Cuando se celebró en Caracas la II Cumbre Extraordinaria de
la OPEP en el año 2000, fui el encargado de organizar el
Festival de Cine Árabo-Islámico con la presencia de films de
sus países miembros. Siempre tuve inclinación por los films
de Irán, por su cualidad temática y estética y donde el
diálogo adquiere tonos metafóricos y críticas subrepticias a
lo que desea criticar. Para la inauguración se había
escogido El sabor de las cerezas, de Abbas Kiarostami
, ganador de la Palma de Oro en Cannes, pero la copia no
llegó a tiempo y mejor así pues el film era un ejemplo
típico de cine de “arte y ensayo” y los espectadores, que en
estos eventos se agolpan bajo una onda más liviana y
pendientes de la recepción después, no era oportuno
sacrificarlos a hora y media de contemplación, meditación,
escaso diálogo y poca trama, por lo que escogimos Los
niños del paraíso, de Majid Majidi, más asequible a un
público no necesariamente cinéfilo y una obra de arte iraní,
además. Todo esto como introito. Al salir del ascensor del
hotel en Montreal, veo a Majid apoltronado en un sofá,
solo. Me acerco y sólo atino a decirle “salam aleikum”,
no sé farsi y él tampoco sabía inglés por lo que nuestro
diálogo fue gestual y a través de dibujitos en un papel.
Traté de explicarle que escribiera algunas palabras para la
revista Encuadre, de la que fui colaborador durante
muchos años ( y por cierto ¿ qué se hizo Encuadre?),
que complacido lo hizo. Fue muy expresivo y amable conmigo y
tuvo gestos deferentes hacia mi persona y la foto que nos
sacamos en ese momento adquiere, con los días, un sabor de
nostalgia.

El
28 de agosto del año 2001, Carlos Hugo Astaraín, un colega
argentino que dirige la revista Euromovies, con sede
en Madrid, me invitó a tomar un trago en la barra del hotel
con Paco Rabal, que venía a Montreal a recibir el Premio de
las Américas.
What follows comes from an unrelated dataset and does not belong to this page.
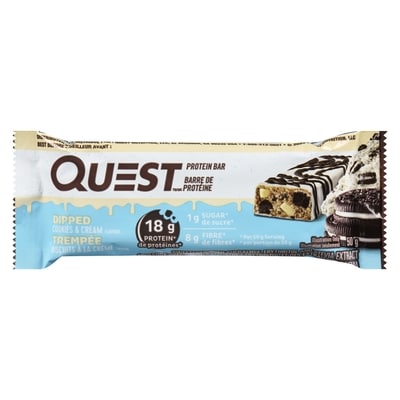 Questbar Protein Bar Dipped Cookies & Cream 50 g, $10.98/100g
Paco se encontraba con su esposa Asunción que
le rezongaba increpándole a que no tomara. “Ya basta,
mujer”, le replicaba “ ….a estas alturas!”. Efectivamente,
su rostro demacrado acentuaba los rigores del enfisema que
lo estaba carcomiendo. Ella se retiró a la habitación y el
encuentro entre los tres estuvo salpicado de anécdotas,
chistes y buen vino. De repente, Paco se levantó y se
disculpó pues debía de levantarse temprano para tomar el
avión de regreso a España. Al día siguiente, leí en la
prensa que Paco había muerto en el avión y que el piloto
hubo de realizar un aterrizaje forzoso en Burdeos. Cosa
extraña, Paco había interpretado a Goya en Goya en
Burdeos de Carlos Saura y Goya murió en una suerte de
exilio voluntario en Burdeos. La fotografía de nosotros
tres en el bar del hotel en Montreal, que también la
conservo, creo que fue la última foto en vida de Paco Rabal.
Fue un gran actor, bastan ver sus films.